A Rose in the Twilight is the latest instalment in Nippon Ichi Software’s “vulnerable girl in a creepy world” series. And, in a way, it is a lot like its predecessors htoL #NiQ: The Firefly Diary and Yomawari: Night Alone. In order to progress through the eerie castle, you will be solving environmental puzzles and collecting blood memories.
Right off the bat I should warn you that A Rose in the Twilight is a really depressing game with a unique atmosphere. Through the years, playing video games has always been my escape into another, more colorful world. Even though I am a horror fan, I would mostly associate video games with a more positive outlook on life. It is quite rare to find such an adorable game, yet for it to be so dark at the same time.
Rose wakes up in an abandoned castle without any memories. Soon enough, she realizes she suffers from something called a “thorn curse”. The castle has become eerily quiet, with dead bodies sprawled all around, buildings overgrown by some strange vines with thorns, and Rose has a unique ability to absorb blood and use it to bring back color and movement to all kinds of objects like rocks, catapults and other items.
This is where the presentation really shines, as every usable object is painted vividly red whereas everything else looks grizzly, dark and muted. It creates a truly unique atmosphere which goes well with the game’s overly depressive narrative.
When blood is absorbed from objects their movement stops and they lose their blood red color. After absorbing blood from corpses and blood stains you will also regain lost memories. These segments are presented in silent-movie-like sequences and serve well to mentally prepare you for what is yet to come.
Although Rose is abandoned she isn’t completely alone. Soon enough she will find a helpful buddy in a form of a nameless rock giant. His ability to carry items and his invulnerability to thorns will come in handy in many environmental puzzles. Rose and the rock giant are a good duo and complement each other’s abilities quite well.
In one instance, you will be moving a rock using the rock giant and bridging a gap while Rose will be freezing it in its tracks and keeping it from moving. The rock giant can also activate objects, and operate levers and catapults to help Rose get to higher places. You can switch between these two characters by the press of a single button.
Rose’s movement is constrained, her animations stilled to the point where she almost feels like a porcelain doll – vulnerable, like she could break at any time from a simple trip. Every time she falls flat on her face, I am afraid she is dead. On the other hand, the rock giant’s slow movement could be attributed to its strong build. But, overall, the characters are pretty slow, which can get tiring as you progress through the game.
While the mechanics present here can be engaging for this type of puzzle platformer, the overall experience was unfortunately hampered by a clunky physics system and somewhat unresponsive controls.
Most of the time, the solution to the puzzle at hand will be pretty obvious, but the sheer amount of time you will be retracing your steps battling the awkward physics engine can be really frustrating. There are relatively frequent autosave spots and you can fast travel to any of the previous rooms you have been to. But, unfortunately, this isn’t enough to make you feel at ease solving many of the game’s puzzles.

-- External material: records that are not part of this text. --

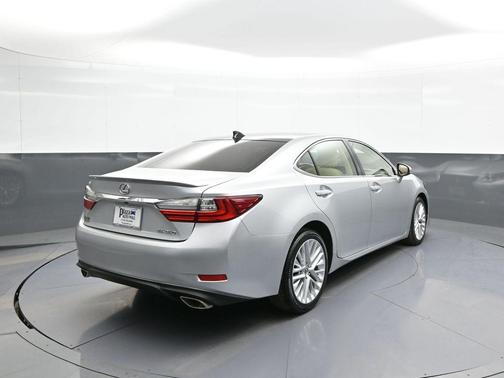 Silver Lining Metallic 2016 Lexus ES 350 Base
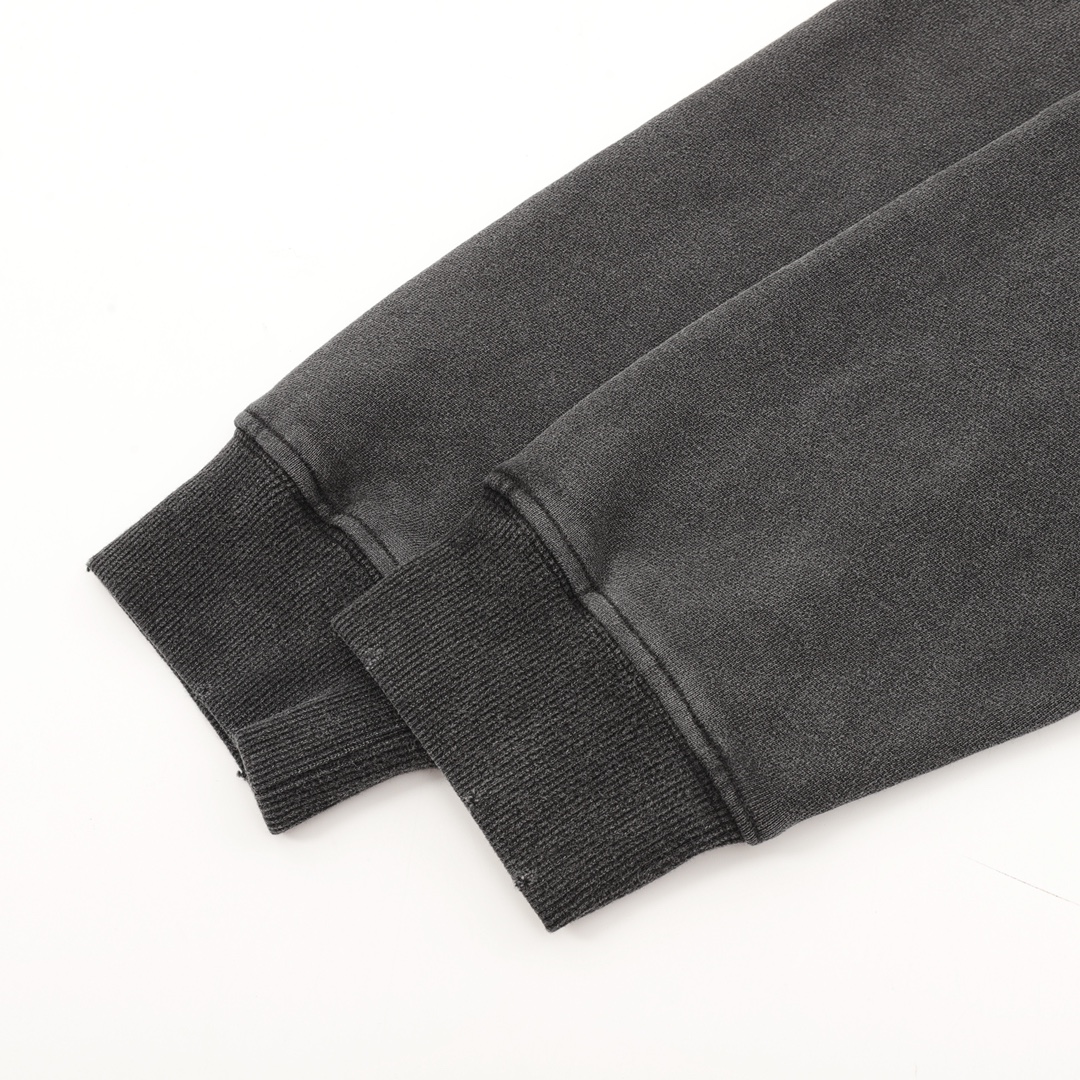 【BALENCIAGA 公式旗艦店】バレンシアガ 丸首の衛衣 スウェット ご好評に付き再入荷！241120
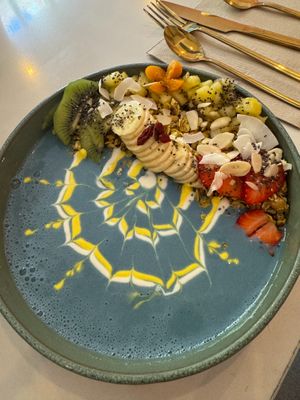 Chakra smoothie bowl (throat) at Balino Yoga Café  in Sevilla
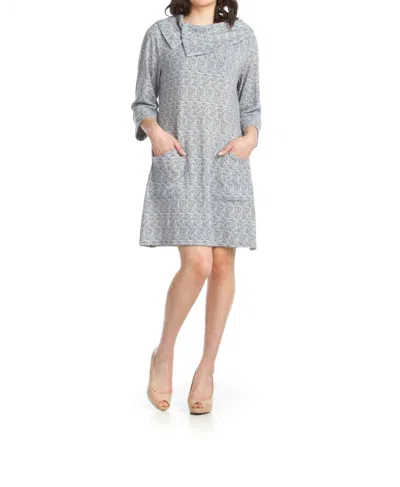 Papillon A-line Sweater Dress With Pockets In White/blue Heathered In Green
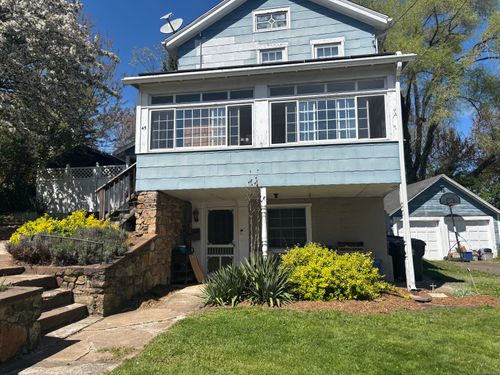 45 Ivy St, Branford, CT, 06405-3713 | Card Image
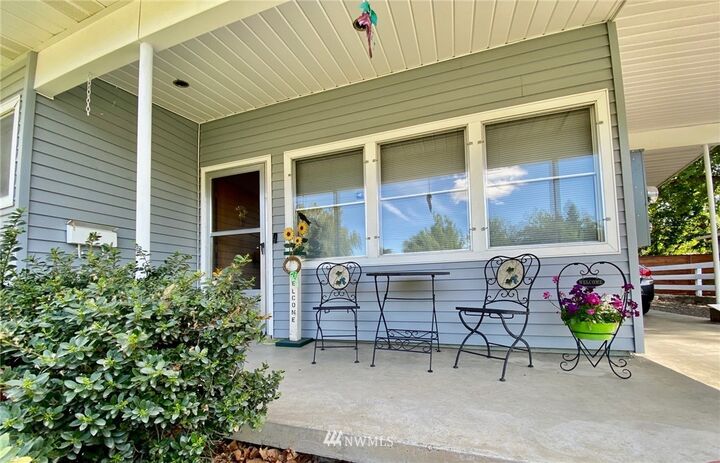 Property Photo:  928  Hobson Street  WA 99362 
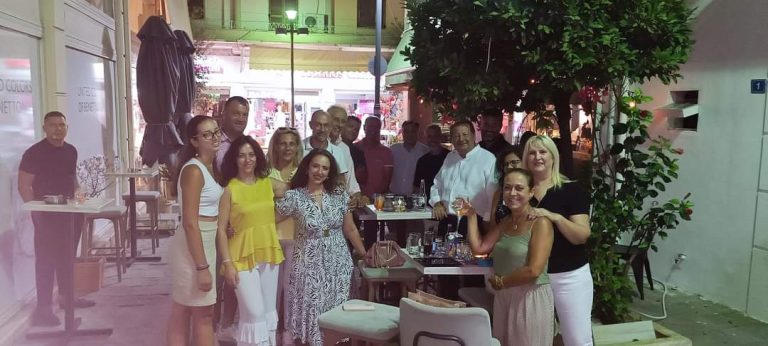 Συνάντηση Δημάρχου με υποψήφιους τοπικούς συμβούλους στον πεζόδρομο της οδού Πετμεζά
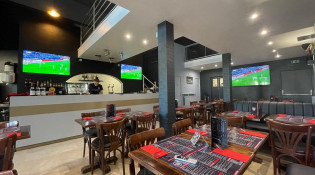 Burton's - La salle
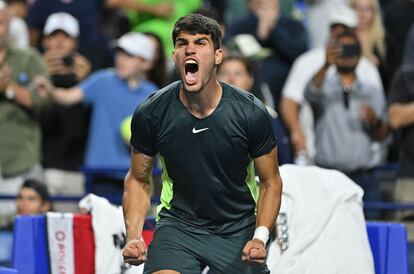 Alcaraz celebra una sufrida victoria ante Hubert Hurkacz y ya se encuentra en los cuartos de final de Canadá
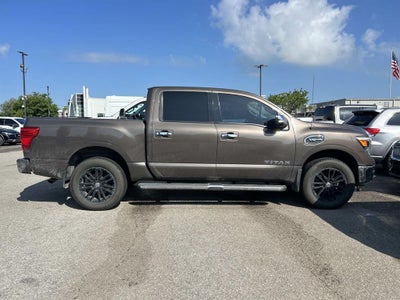 2017 Nissan Titan SL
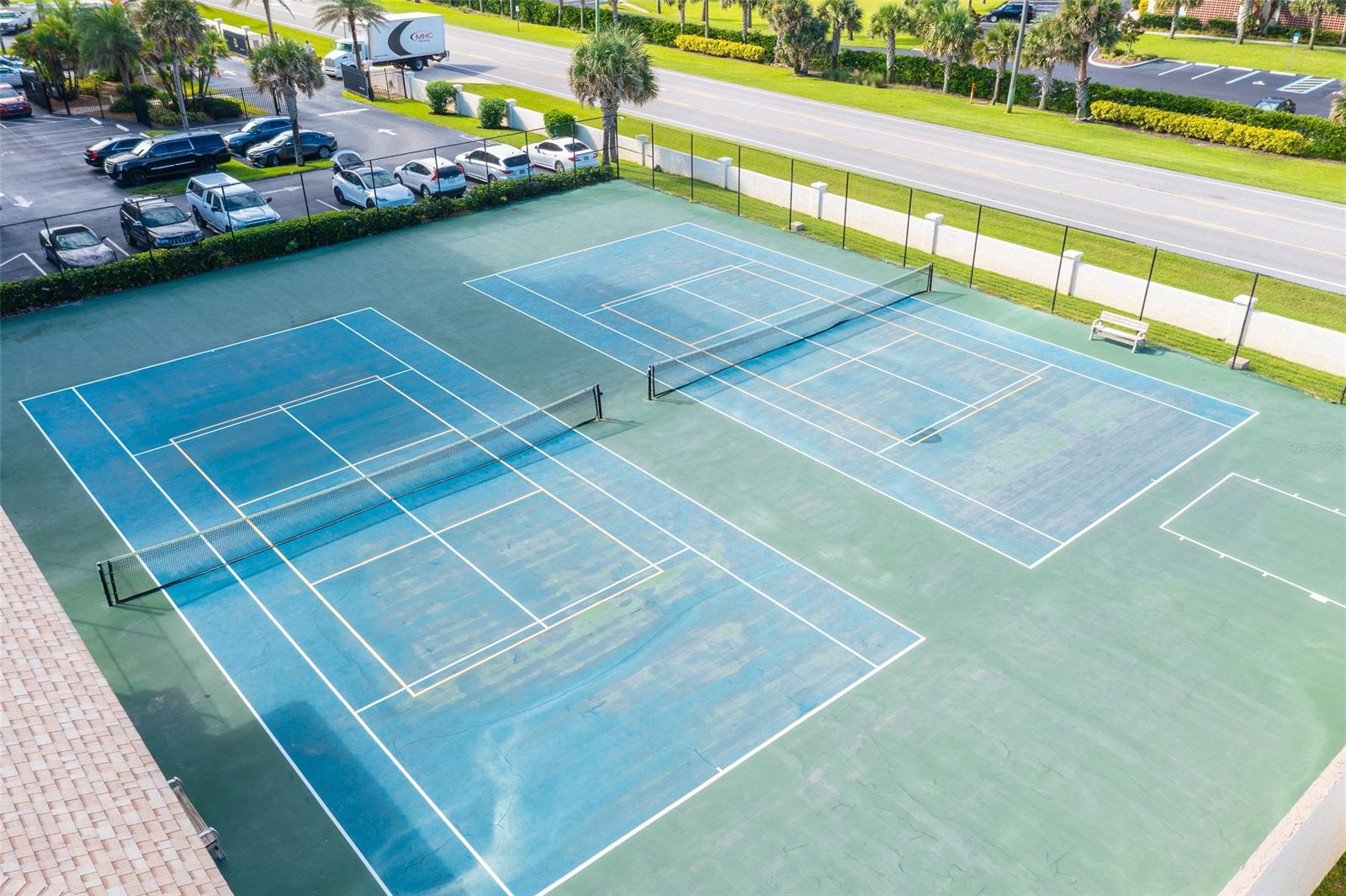 Sandpiper Towers Condo - Residential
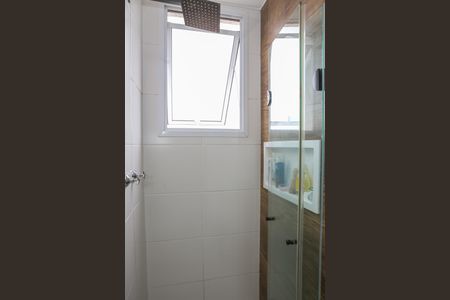 Apartamento à venda com 45m², 2 quartos e sem vaga Apartamento à venda com 45m², 2 quartos e sem vagaBanheiro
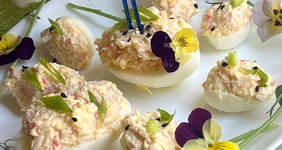 Яйца, фаршированные крабовыми палочками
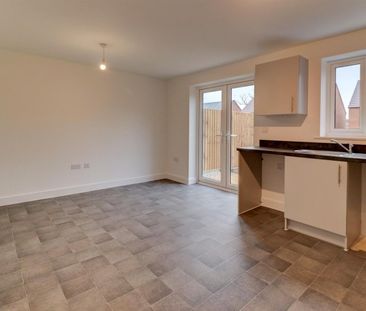 Whitehouse Croft, Kenilworth - Photo 4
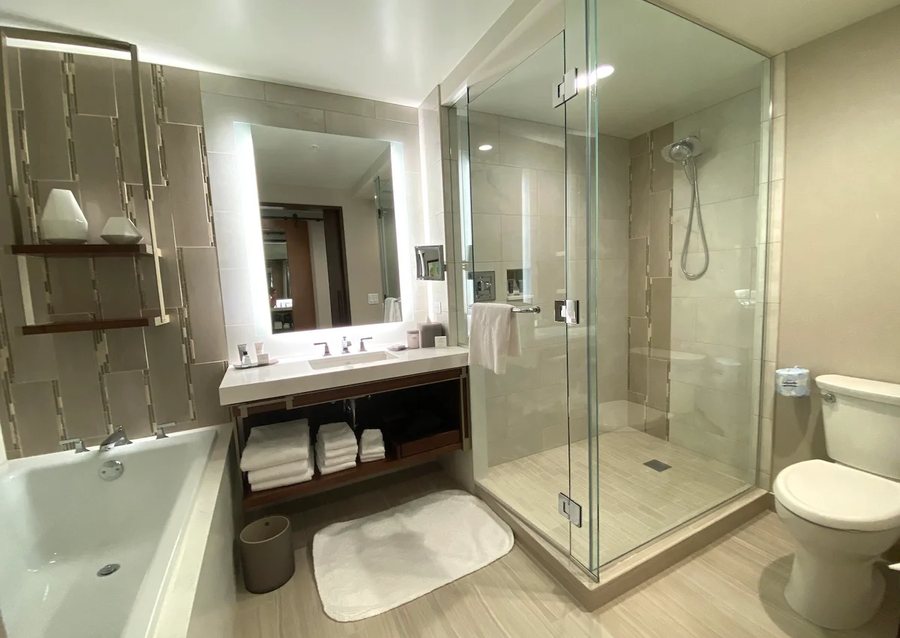 JW Marriott Anaheim Resort — Bathroom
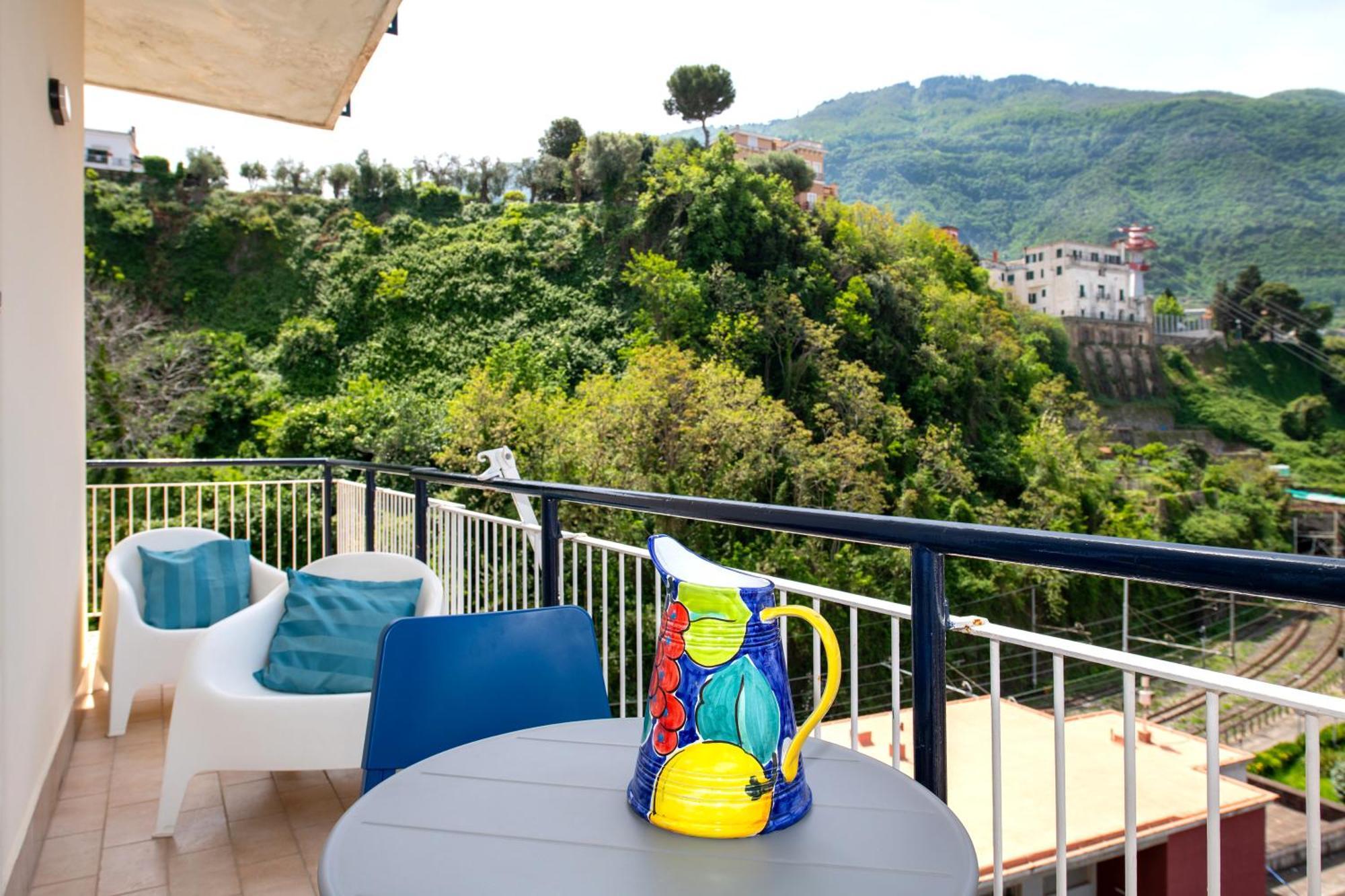 Shabby Chic Seaview Apartments Кастелламмаре-ди-Стабия Экстерьер фото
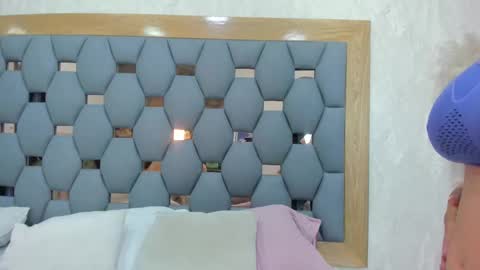 yayi derek  online show from 11-20-25, 11:54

Both Rose’s and the rock giant’s jump is rather puny. In order to progress through the castle, you will be required to reach quite a lot of high places. Expect a lot of similar, not that engaging catapult puzzles and overall repeated puzzles with similar solutions and outcomes. The latter part of the game is where the puzzles start to shine, but, before long, the game ends. It ends up being quite a short ride, taking less than ten hours.
It should be noted that A Rose in a Twilight features some pretty disturbing scenes. The main heroine must go as far as to even offer up her own blood as a sacrifice in order to progress through the ruins of the desolate castle. These scenes can be pretty graphic and may trigger some people. Not to mention all the deeply grim stories about the castle and its history.
Considering its themes and atmosphere as well as frustrating gameplay, A Rose in the Twilight might not be for everyone, but there is some enjoyment to be found for the puzzle enthusiasts that enjoy more punishing gameplay and the game’s rather slow mechanics. Everyone else might find more enjoyment in titles like Yomawari or The Firefly Diary we covered previously.
A Rose in the Twilight is available on PlayStation Vita and Steam.